One factor is the pattern of inheritance of the cancer syndrome. To understand how hereditary cancer syndromes may be inherited, it is helpful to keep in mind that every person has two copies of most genes, with one copy inherited from each parent. Most mutations involved in hereditary cancer syndromes are inherited in one of two main patterns: autosomal dominant and autosomal recessive.

So not all diseases are genetic based and may be environmental but without a genetic history of the families involved it will be impossible to know.  As all the mechanisms involved are also not understood having the genetic record of a family will allow doctors to test for several genes in a family history which may be having a synergistic effect for developing diseases such as cancer. Also in patients who have already been diagnosed with cancer, a positive result for a mutation associated with certain hereditary cancer syndromes can influence how the cancer is treated. For example, some hereditary cancer disorders interfere with the body’s ability to repair damage that occurs to cellular DNA. If someone with one of these conditions receives a standard dose of radiation or chemotherapy to treat their cancer, they may experience severe, potentially life-threatening treatment side effects. Knowing about the genetic disorder before treatment begins allows doctors to modify the treatment and reduce the severity of the side effects.
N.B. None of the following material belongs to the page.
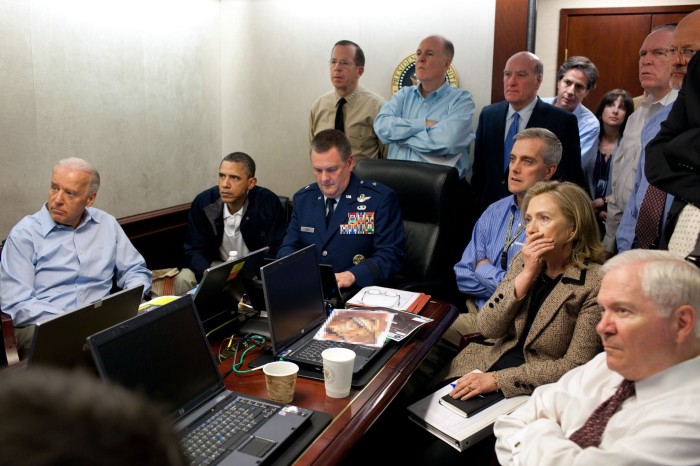 President Barack Obama, Vice President Joe Biden and members of the national security team receive an update on the mission against Osama bin Laden in the Situation Room of the White House on May 1 2011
Although cancer is often used as the example for genetic testing the same principles apply for many other diseases especially ones which don’t have an immediate discernable cause like many neurological and immunological diseases. Currently, for the patients and their loved ones, one of the most difficult aspects is getting to the right diagnosis. For many families, the diagnostic odyssey lasts years and even decades. Families trek all over the world seeking answers, looking to connect to the right specialists that can give them more clues, and directions for their diseases, often, not knowing what is wrong is one of the hardest challenges. The right diagnosis is the first foundational step that sets into motion all subsequent plans to help the patient. As there are still a lot of variations to consider, additional filtering strategies are important to isolate the possible gene or genes that are causing the illness. Since parents share 50% of the genetic makeup with their children, their genomes serve as a good filter. If both parents are normal, you can remove all the variations that are also present in the parents. If either of the parents is affected, we can look at what is shared between the people affected by the disease. This step helps filter the thousands of possible differences to tens of possible outcomes which help diagnosis. Having a grandparents DNA as a filter can narrow it down even more.  Great grandparents even more.